Em agosto de 2008, a reportagem multipremiada da Folha “Os anti-heróis, o submundo da cana”, no caderno “Mais!”, investigou por dois meses a vida dos cortadores de cana em SP, Estado que detinha 60% da produção do Brasil.

Os repórteres Mário Magalhães e Joel Silva mostraram que, ainda que o progresso erguesse usinas de etanol com alta tecnologia, muitos dos 135 mil cortadores de SP –335 mil no país– ainda comiam a boia fria.

E, pela primeira vez em cinco séculos, que ao menos 50% da produção não seria colhida por mãos, mas por máquinas. Isso refletiu em aumento do esforço pelos boias-frias, o que gerou um aumento de mortes no campo.

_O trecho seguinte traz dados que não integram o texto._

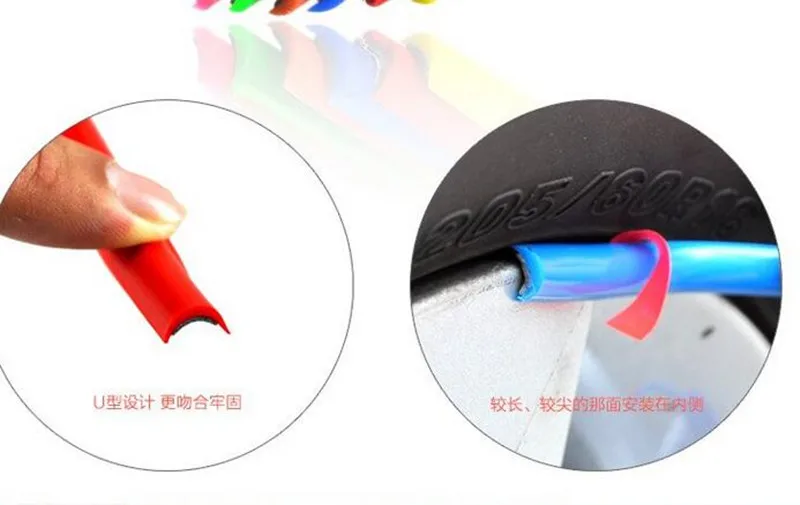 HOT car styling 8 M Car Wheel Hub Tire Sticker for Hyundai elantra ix35 solaris accent i30 ix25 tucson 2016 i20 i40 Accessories |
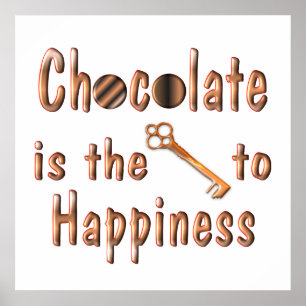 Póster Felicidade do chocolate
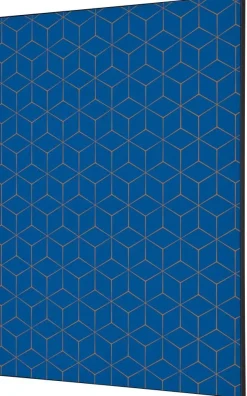 SHOWDOWN Hexagon Textielen Wanddecoratie Multikleur Aluminium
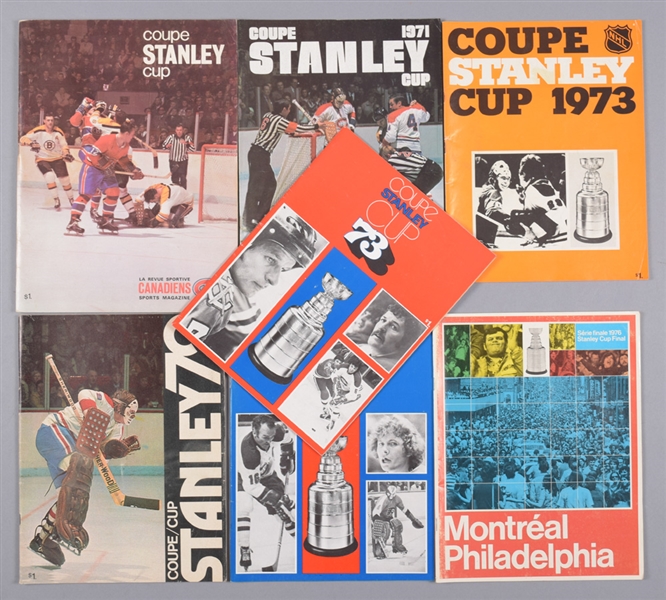 Vintage 1960s and 1970s Hockey Program and Publication Collection of 200+ Featuring Mostly Montreal Canadiens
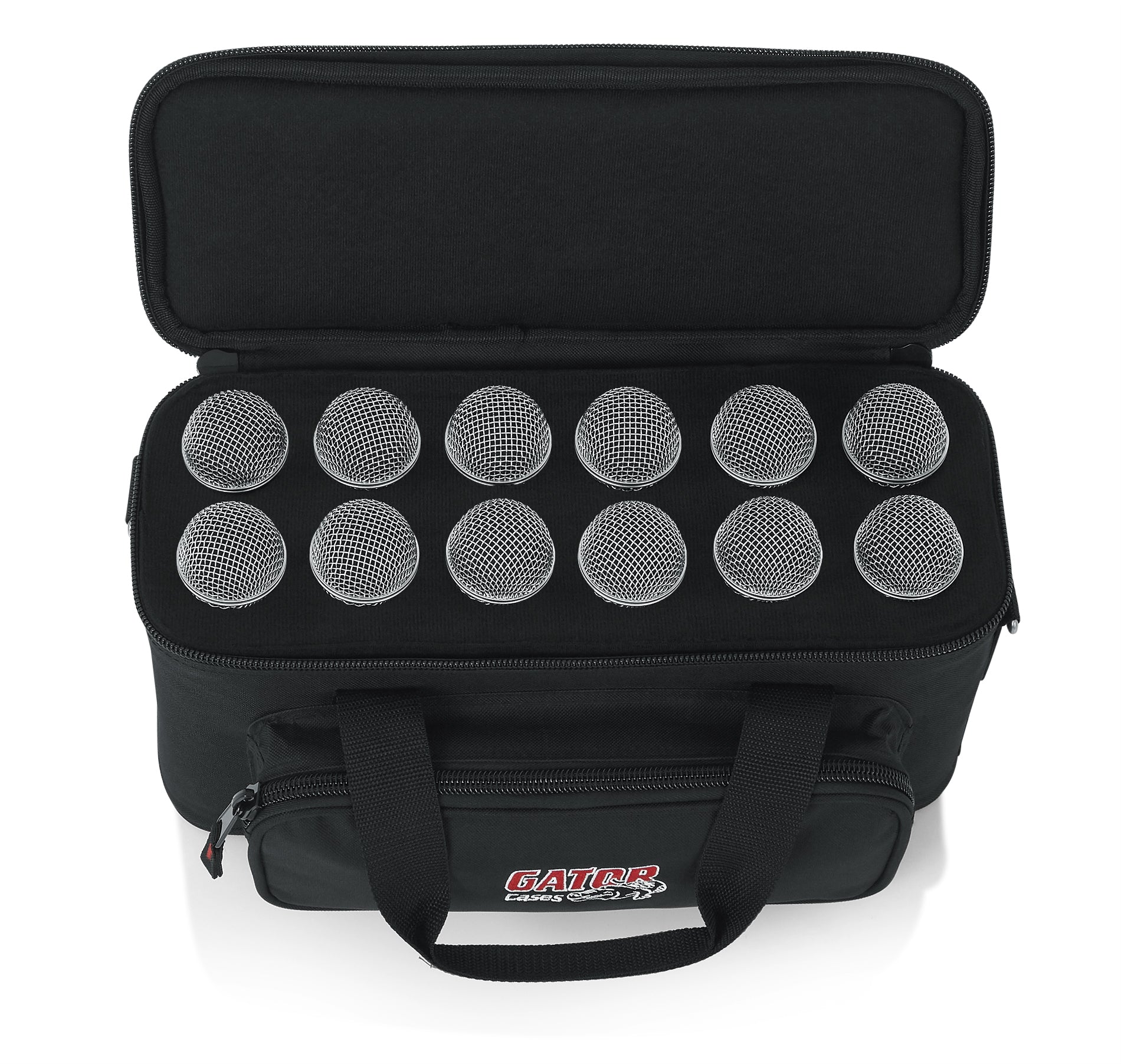 Gator GM-12B Maleta para 12 microfonos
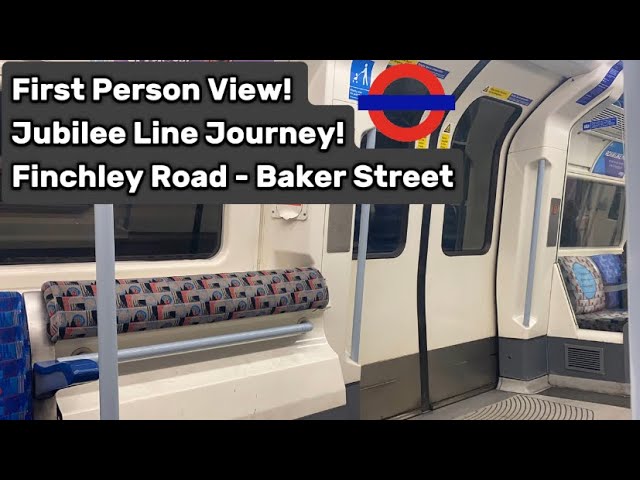 *FIRST TIME* London Underground First Person Journey - Finchley Road to Baker Street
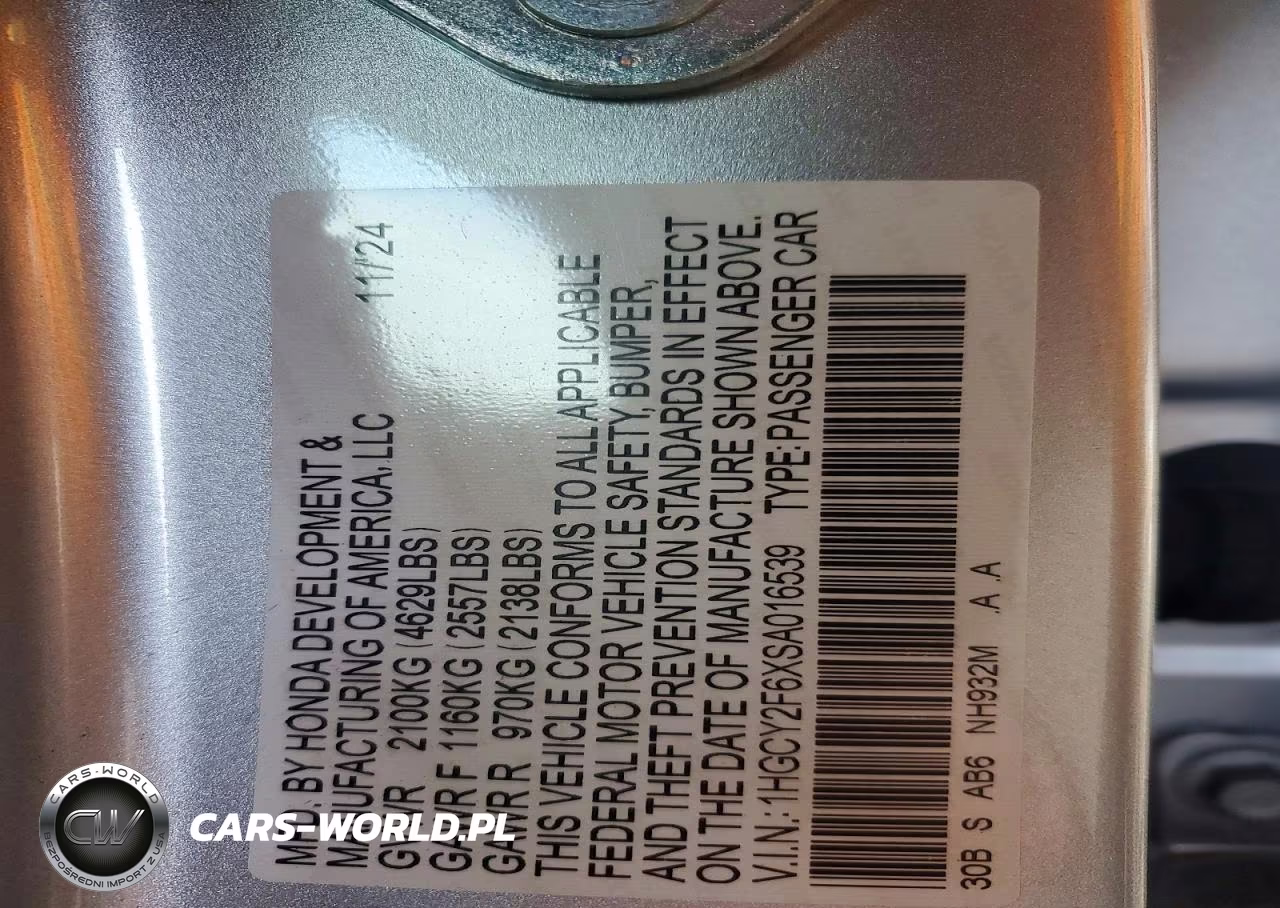 2025 Honda Accord Hybrid Exl VIN:1HGCY2F6XSA016539 - 12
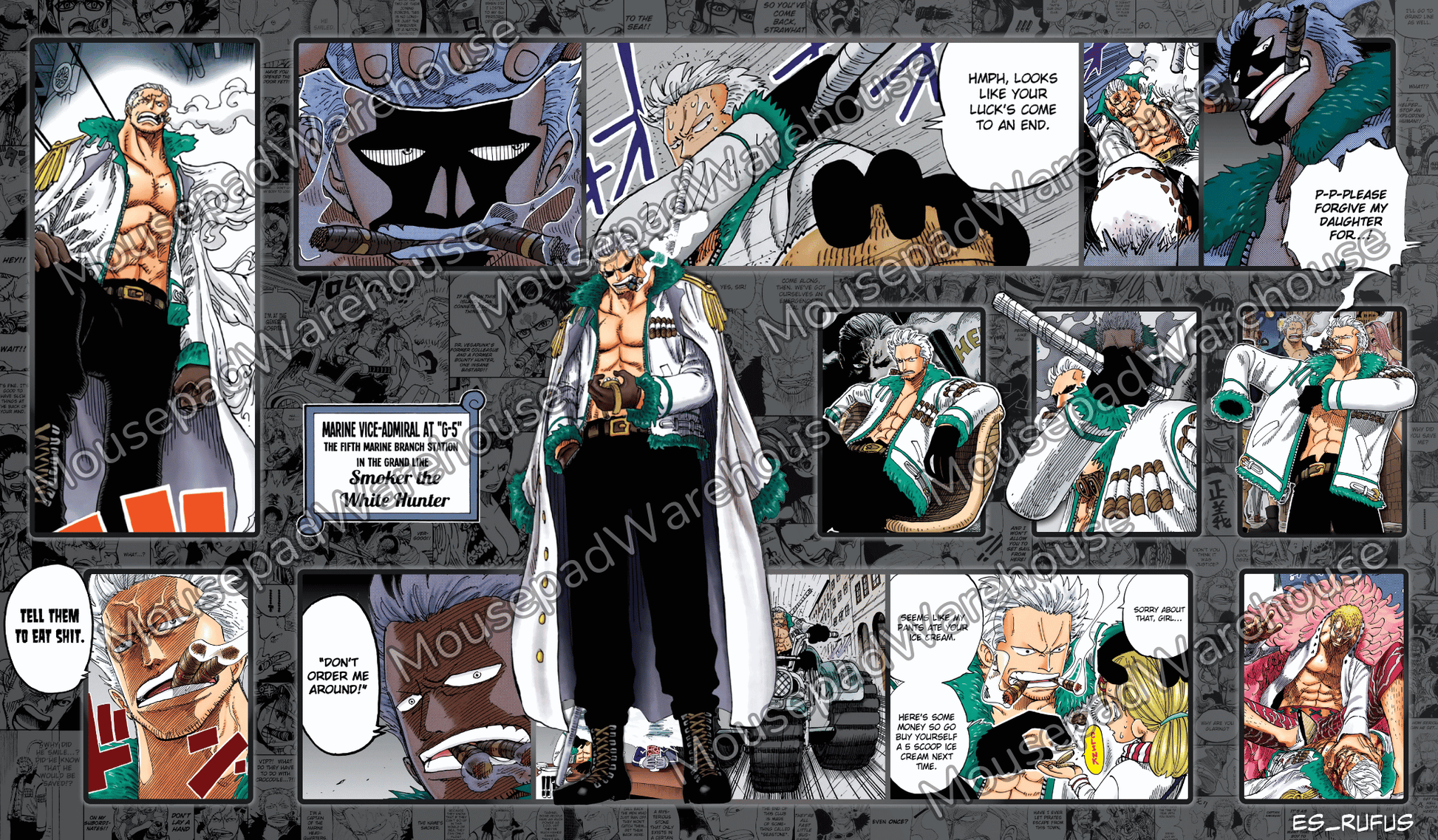 smoker one piece tcg playmat design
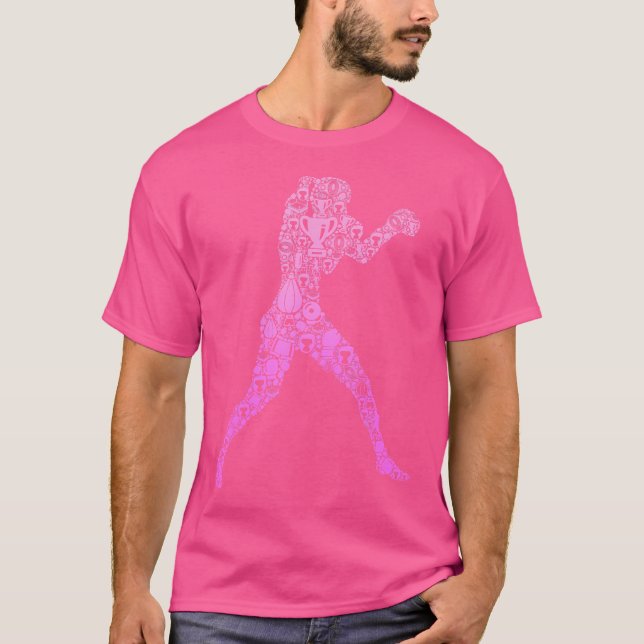 Camiseta Boxeador de Boxe (Frente)
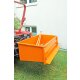 YERD Transportmulde  150 cm,  Heckcontainer / Transportbox / Kippmulde   für Traktor, Dreipunkt Kat-0  Anschluss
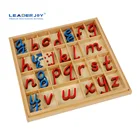 LeaderJoy Early Education Toys Wooden Moveable Alphabets Toys Montessori Language Materials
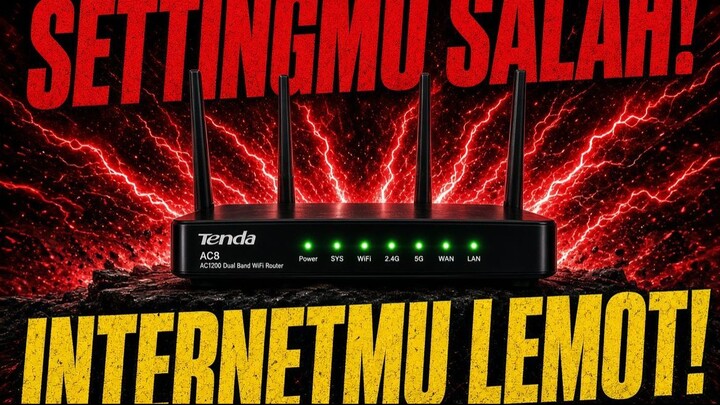 Cara Yang benar Setting Tenda AC8 Access Point Agar Internet Cepat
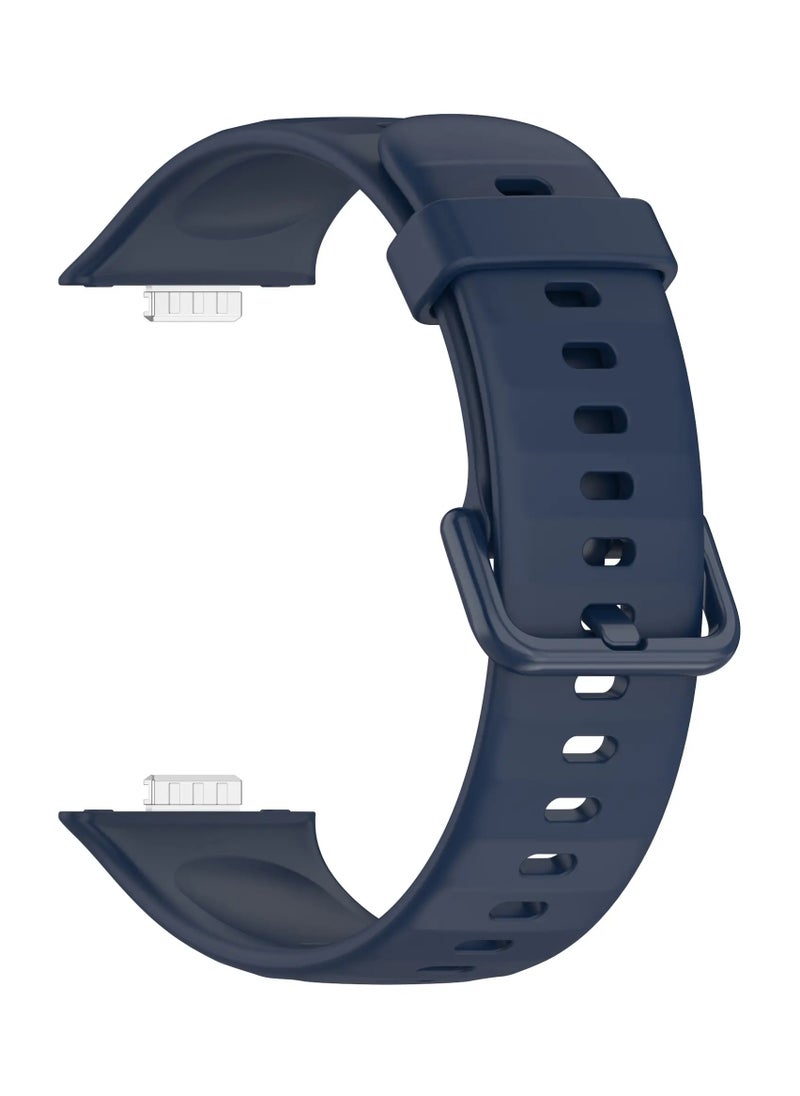 TWEGGON Silicone Strap Compatible with Huawei Fit 4/Fit 4 Pro/Fit 3 Blue  - Image 2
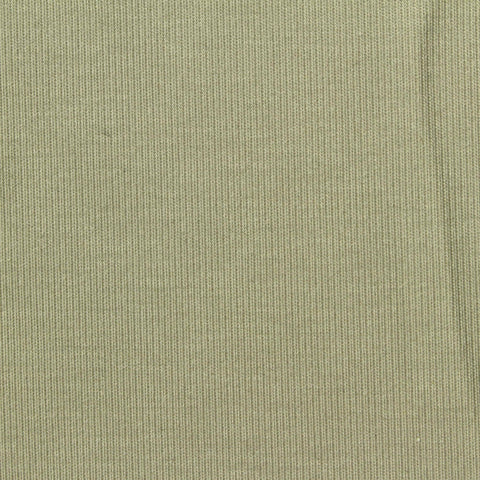 Polyester Cotton Blend Interlock Knit Fabric, 167 gsm, 160 cm — Khaki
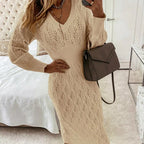 Amara – Robe Midi en Maille Texturée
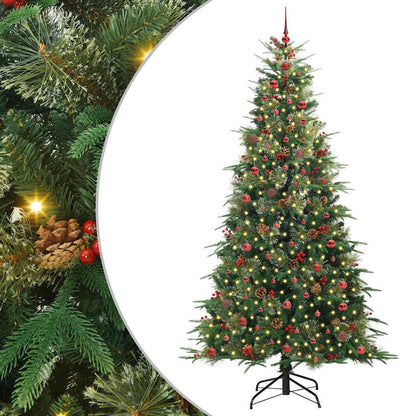 vidaXL Künstlicher klappbarer Weihnachtsbaum Grün 240 cm PE und PVC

Segundo a Pastoral do Migrante, de 2004 a 2007 foram 20 casos só no interior de SP. Um deles foi Valdecy de Lima, 38, da Usina Moreno, na região de Ribeirão Preto (SP). Ele morreu em 7 de julho de 2005, na roça, após acidente vascular cerebral. Em 17 de junho, cortara 16,5 toneladas.

Ao colher 11,5 toneladas dia, um trabalhador desfere 3.792 golpes de facão e faz 3.994 flexões de coluna.

“Para ser cortador de cana, tem que ter braço, porque, se não tiver, morre, ou de fome ou no canavial, de tanto trabalhar”, disse José Lúcio Oliveira, então com 33 anos, oriundo de Barra do Santo Antônio (AL) para atuar no interior do Estado de SP.

Se a produção do boia-fria subiu, sua remuneração caiu. Em 1985, o cortador em SP ganhava R$ 32 por dia. Em 2007, R$ 28,90, ao cortar 9,3 toneladas, 4,3 toneladas a mais do que em meados de 1980.

Em 2007, a socióloga Maria Aparecida de Moraes Silva, da Unesp (Universidade Estadual Paulista), apontou que a vida útil do cortador de cana era de cerca de 12 anos, próxima à de escravos.

Segundo o Ministério do Trabalho, só em 2015 ao menos 1.111 pessoas foram libertadas de situações análogas à escravidão, a maioria delas no setor da agricultura (21%).